Friederike Kühl – Foto © O-Ton

Eine kleine Sehnsucht – Lieder und Chansons aus den 1920-er Jahren heißt das Programm, mit dem die vier Musiker das Publikum in eine Zeit entführen wollen, in der Friedrich Hollaender Schlager nach Schlager komponierte. Und so liegt es nahe, dass Kühl mit Wenn ich mir was wünschen dürfte – Kitschtango eröffnet. Marlene Dietrich sang das sentimentale, aber intelligent verfasste Lied in der Klavierbegleitung von Hollaender und errang damit viele Erfolge. Jetzt bringen Kühl und Bitton eine Fassung mit leichtem Hang zur Dramatik. Nach solcher Eröffnung ist ein wenig Humor angesagt. Und dafür war Mischa Spoliansky immer gut. Unter dem Titel Ich hab‘, ich bin, ich wär‘ singt Kuhfeld den Text von Marcellus Schiffer, der in früheren Zeiten als Liebeslied einer Dame angesagt war und wesentlich flüssiger vorgetragen wurde. In der Interpretation des Sängers werden mehr Unterbrechungen gesetzt, so dass der Humor in den Vordergrund tritt. Und Kuhfeld versteht es bereits jetzt hervorragend, das Geschlecht in Frage zu stellen – übrigens keineswegs eine Erfindung heutiger Ideologen, sondern in den 1920-ern geradezu ein Lebensgefühl. Gleich drei Lieder folgen, die in Musik und Text von Hollaender stammen. Die Kleptomanin singt Kühl, Die zersägte Dame darf Hiller vortragen und Kuhfeld widmet sich dem Titellied des heutigen Abends: Eine kleine Sehnsucht. Während die ersten beiden den ganz eigenen Humor jener Zeit erfassen, lässt der Sänger die Wünsche der Menschen im Tango-Rhythmus erklingen. Das bringen Kuhfeld und Bitton übrigens fast besser hin als Ute Lemper, die es in großer Orchesterfassung aufnahm. Auch Kühl befasst sich mit den Sehnsüchten der Menschen, wenn sie ein Lied vorträgt, das Theo Mackeben zu einem Text von Hans Fritz Beckmann komponierte. So oder so ist das Leben hat auch Hildegard Knef interpretiert. Sie hat das große Orchester hinter sich, aber ganz ehrlich: dann lieber Kühl und Bitton. Bei den beiden ist es doch weniger Schlager, dafür ein wenig mehr Tiefgang.

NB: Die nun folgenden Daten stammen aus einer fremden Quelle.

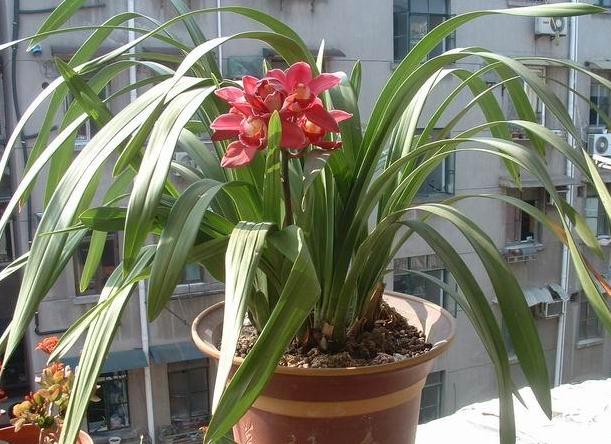 如何养殖大花蕙兰花苗,如何养殖大花蕙兰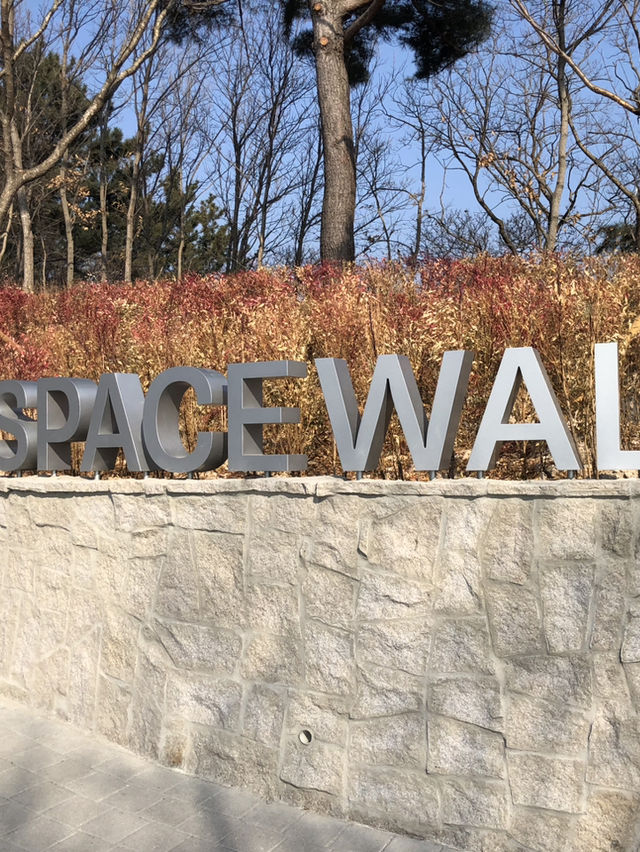 🚀 포항 명물 스페이스워크,  바다 위를 걷는 짜릿한 경험! 스릴 넘치는 포항 여행 코스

Hiller wirkt in ihren Moderationen etwas unkonzentriert, was sie in den kommenden gesanglichen Vorträgen leicht ausgleicht. Wie zum Beispiel im nachfolgenden Nannas Lied von Kurt Weill und Bert Brecht. Überhaupt wird es bei den folgenden Chansons etwas sozialkritischer. Egal, ob es um Das Mädchen mit den Schwefelhölzern von Hollaender geht, das Kühl überzeugend als theatralische Erzählung darbietet, oder um den Bilbao-Song von Weill und Brecht, den Kuhfeld geradezu eruptiv anlegt, was nun wirklich Geschmackssache ist. Aus dem Musical Lady in the Dark von Kurt Weill trägt Hiller My Ship vor.

Ist der Gesang schon aller Ehren wert, begeistern die Sänger immer wieder mit ihren kleinen Tableaux vivants. Ausgesprochen androgyn gibt sich Kuhfeld abermals mit Spolianskys Baby, wenn du unartig bist. So ganz nebenbei streut Hiller den Welthit Ich bin von Kopf bis Fuß auf Liebe eingestellt ein, zu dem Kühl und Kuhfeld mitsummen. Der stammt übrigens ebenfalls von Hollaender. In den folgenden Liedern geht es wieder um die Beziehungen, wenn Kuhfeld die junge Dame – oder etwa nicht – in ein blaues Himmelsbett einlädt, die Stoßseufzer einer Dame in bewegter Nacht von Klüh einen wundervollen Kurt-Tucholsky-Text zur Hollaender-Musik rezitiert oder Kuhfeld und Hiller das erste Duett mit Totaler Verfremdung anstimmen.

Franziska Hiller, im Hintergrund Dennis Kuhfeld – Foto © O-Ton

Während die Besucher allmählich zu Schweißtüchern greifen, heizt Hiller noch einmal ordentlich mit Spolianskys Ich bin ein Vamp ein, ehe sich das Trio zu einem weiteren Welthit zusammenfindet. Zur Musik von Hans May singen die drei den Text von Ernst Neubach Ein Lied geht um die Welt. Eine wundervolle Darbietung. Jetzt fehlt eigentlich nur noch ein Lied, obwohl das Konzertprogramm abgespult ist. Und wirklich. Die vier bringen es als außerordentlich gelungene Zugabe. Richard Heymann schrieb es 1930 für die Tonfilm-Operette Die drei von der Tankstelle. Der Text stammt von Robert Gilbert. Ein Freund, ein guter Freund, das ist das Beste, was es gibt auf der Welt. Die Interpretation ist hinreißend. Und eigentlich müsste das Nostalgie-freundliche Publikum hier mit einstimmen, weil die Hymne auf die Freundschaft einfach immer noch in den Köpfen der Menschen eingemeißelt ist. Und die Daffkes können sich hier noch so sehr um die eigene Interpretation bemühen. Aber vor aller geistigen Augen treten Willy Fritsch, Oskar Karlweis und Heinz Rühmann mit Lilian Harvey auf. Was für ein Durchatmen noch einmal im Kino, bevor die Nationalsozialisten jedem Spaß endgültig ein Ende setzten. Die Daffkes lassen die Unbeschwertheit einer vergangenen Zeit noch einmal kurz aufleben und riskieren bei der Zugabe gar die Anzeige einer „Lärmbelästigung“, weil Florian Noack das Fenster vorzeitig öffnet. Aber eigentlich sind die Deutschen ganz umgänglich – zumindest, wenn es um Freundschaft geht.

Im Sinngewimmel geht es im September weiter mit ausgefallenen Konzerten. Verraten haben Naré Karoyan und Florian Noack als Programmgestalter noch nichts, aber das Vertrauen ihres Stammpublikums ist längst grenzenlos.